At a purely practical level the best such behaviour can aspire to is being tolerable. Considering that only between one and two percent of us are homosexual, it isn’t normal; and considering its non-reproductive nature, it isn’t desirable.

To her credit, Miss Arnold didn’t even attempt to maintain the pretence of journalistic objectivity, although out of girlish modesty she didn’t cite her own interest in the matter. Allow me to correct this oversight: she lives in a civil ‘partnership’ with the sports presenter Clare Balding.

Her indignation is thus humanly understandable, if not unquestionably laudable. But simply saying ‘As a lesbian I hate anyone who says anything at all against homosexuality’, does not an article make. This genre requires an argument, and that’s where Miss Arnold falls flat.

In fact, she doesn’t seem to know what an argument is, if this attempt at one is anything to go by: “I have just applied my ‘substitute-the-word-homosexual-for-black-or-disabled’ test to see if it is in any way acceptable. Guess what? It’s not.”

This non sequitur brings into question the author’s IQ. It’s absolutely true that being either black or disabled is neither abnormal nor undesirable. But from this it doesn’t follow that being homosexual is both desirable and normal.

In other words this substitution proves nothing other than Miss Arnold’s idiocy – and poor command of English (it should have been ‘substitute-the-words-black-or-disabled-for-homosexual’, not vice versa).

The word ‘homosexual’ could be replaced with an infinity of words, each of which would make Mr Helmer’s statement nonsensical. How about ‘redheads’? ‘Fat bastards?’ ‘Cyclists’? ‘Bus conductors?’ All of those would render the original statement meaningless. None would invalidate it.

Miss Arnold is deaf to such elementary logic. That’s why she used that demonstration of her own mental inadequacy as the starting point of a long string of hysterical epithets aimed not only at Mr Helmer but also at the party he represents.
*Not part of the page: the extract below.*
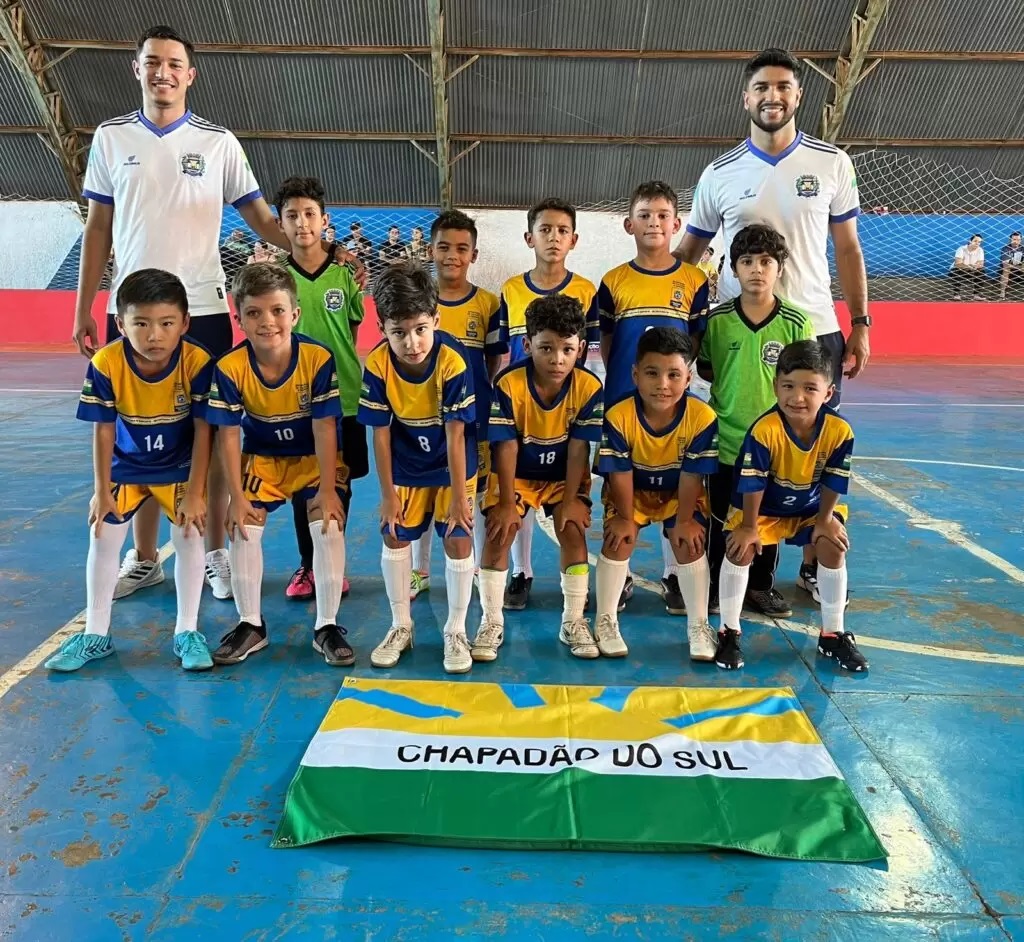 Escolinha Municipal de Futsal de Chapadão do Sul Brilha na Liga Azul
These she presaged with the remark that she wouldn’t want to attack UKIP because “the target is simply too big and too easy”. Then she proceeded to do just that, unsportingly shooting arrows at a putative sitting duck.

Alas, given the rhetorical weapons at her disposal, Miss Arnold wouldn’t be able to hit a target as big as Buck House. And if the target is so easy, how come the combined efforts of considerably cleverer propagandists have so far failed to stem the UKIP tide?
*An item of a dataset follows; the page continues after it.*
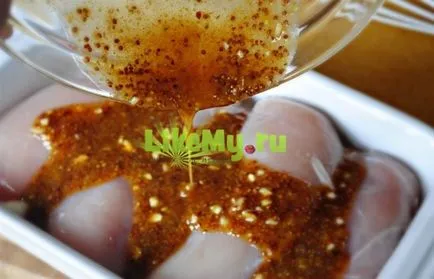A legfinomabb pác grill csirkehús annyira lágy (pác) A legfinomabb pác grill csirke hús olyan puha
At the risk of sounding a misogynist, homophobic, Holocaust- and global-warming-denying, sexist, politically wrong, child-abusing, raping fascist, I really don’t think Miss Arnold should bother her pretty little head about subjects on which she can’t sound coherent.

Just go home, love, have a nice cup of tea – and say hello to Clare for me, will you? And by the way, you know what totalitarian means, don’t you?